### What the task asks
Omit all pictures, and print word for word only the lines from the one containing "The Red Prince av Timothy Snyder" through the end of the data.

### Source records
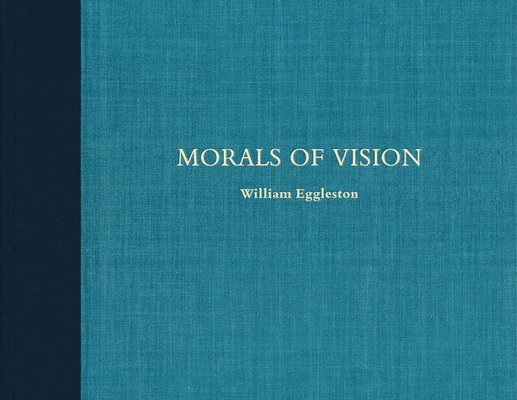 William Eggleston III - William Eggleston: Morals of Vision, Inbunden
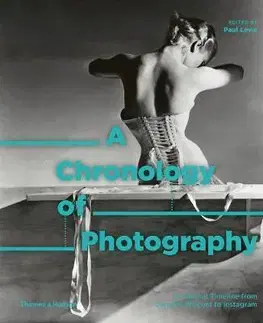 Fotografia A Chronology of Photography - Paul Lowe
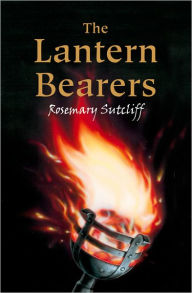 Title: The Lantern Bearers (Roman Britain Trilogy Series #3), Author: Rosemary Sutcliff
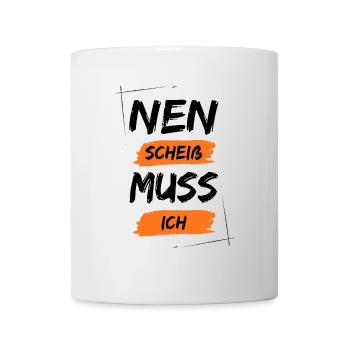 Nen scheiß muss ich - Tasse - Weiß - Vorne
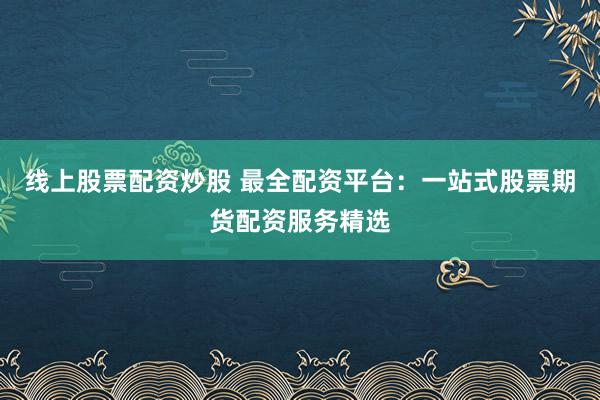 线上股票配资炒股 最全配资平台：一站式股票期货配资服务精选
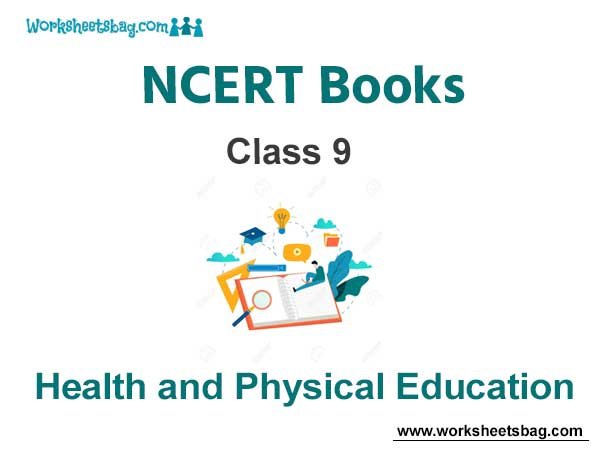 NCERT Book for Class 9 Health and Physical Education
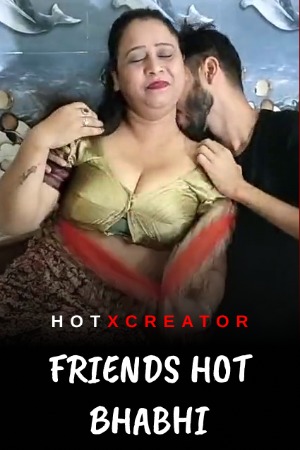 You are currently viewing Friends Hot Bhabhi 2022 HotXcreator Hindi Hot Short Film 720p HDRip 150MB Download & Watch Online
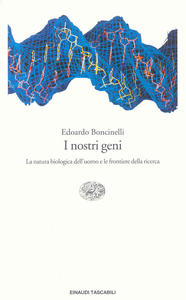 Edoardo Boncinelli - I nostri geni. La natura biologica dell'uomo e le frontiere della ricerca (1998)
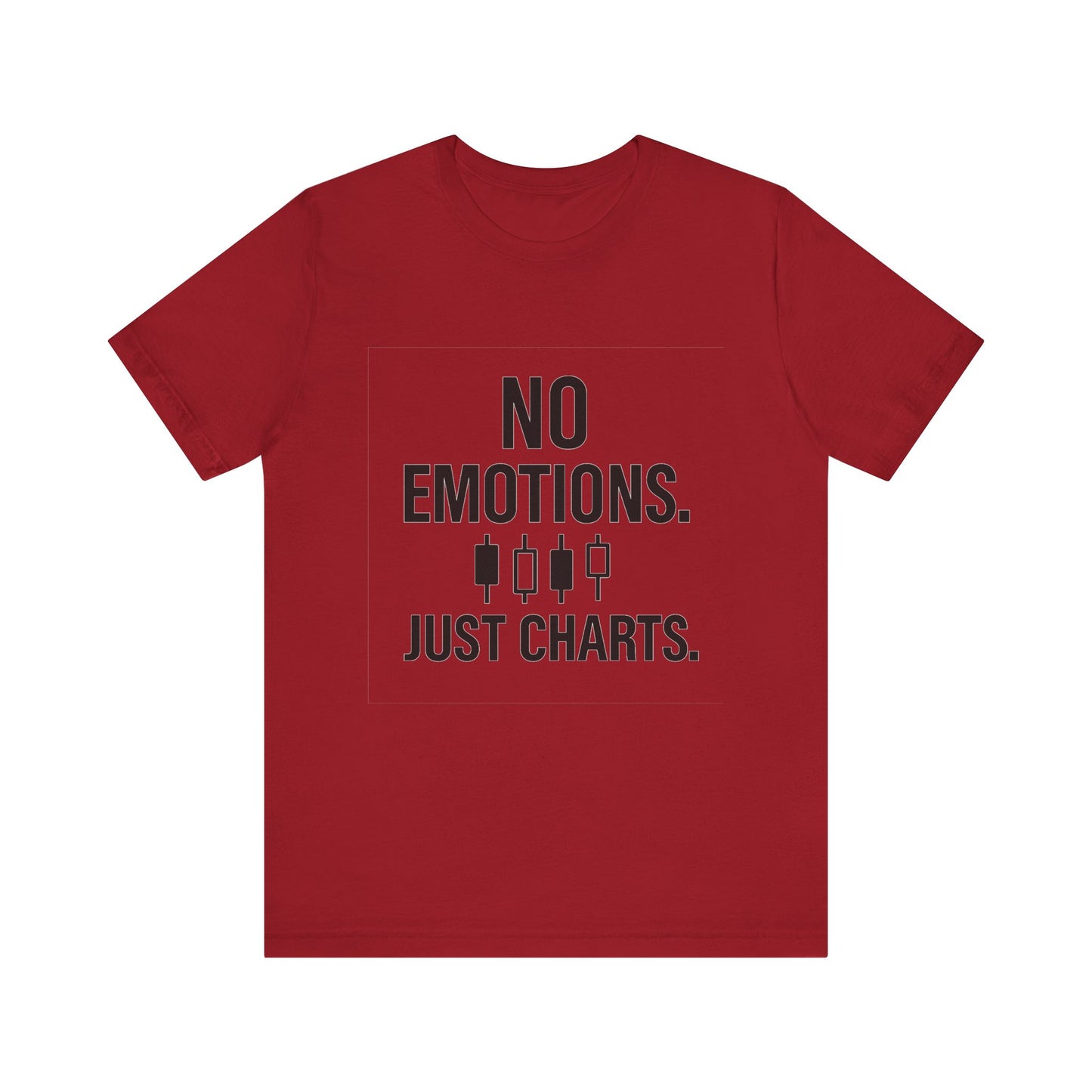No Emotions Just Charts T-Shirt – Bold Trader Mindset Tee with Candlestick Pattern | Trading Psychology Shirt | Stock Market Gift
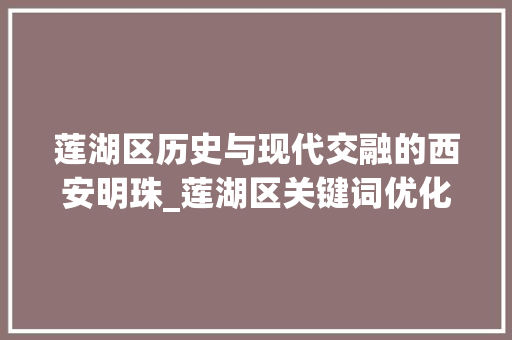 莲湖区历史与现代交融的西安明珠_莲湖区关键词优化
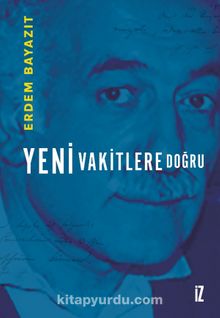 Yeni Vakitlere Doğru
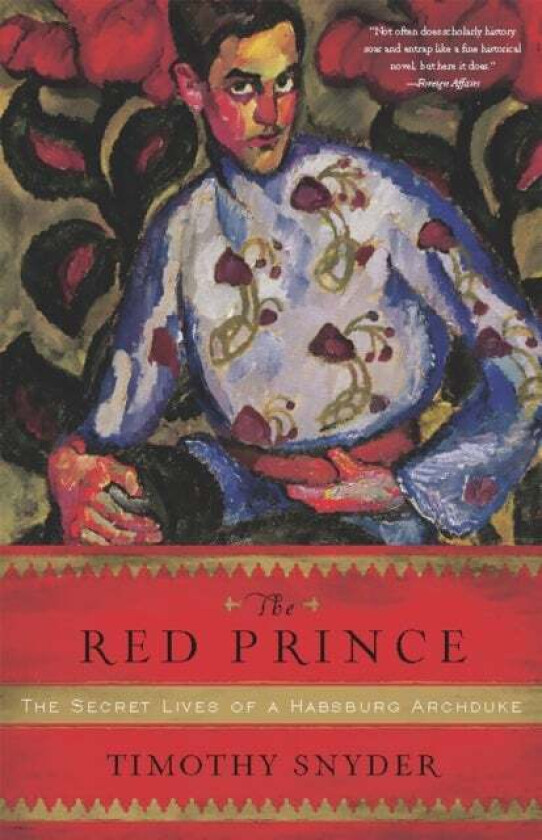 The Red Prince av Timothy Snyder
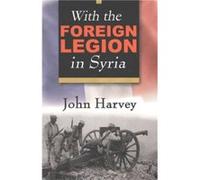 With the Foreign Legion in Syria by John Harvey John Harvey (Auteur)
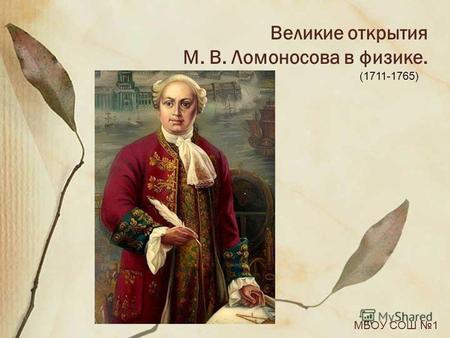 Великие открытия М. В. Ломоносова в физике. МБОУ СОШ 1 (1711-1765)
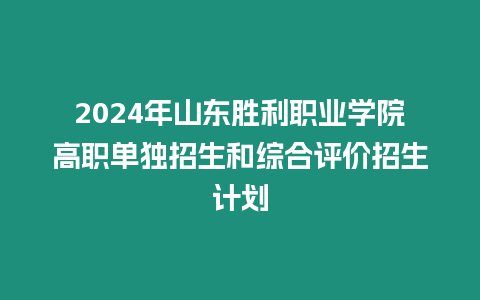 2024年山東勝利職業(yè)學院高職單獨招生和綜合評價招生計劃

### Task response
 The Red Prince av Timothy Snyder
 With the Foreign Legion in Syria by John Harvey John Harvey (Auteur)
 Великие открытия М. В. Ломоносова в физике. МБОУ СОШ 1 (1711-1765)
 2024年山東勝利職業(yè)學院高職單獨招生和綜合評價招生計劃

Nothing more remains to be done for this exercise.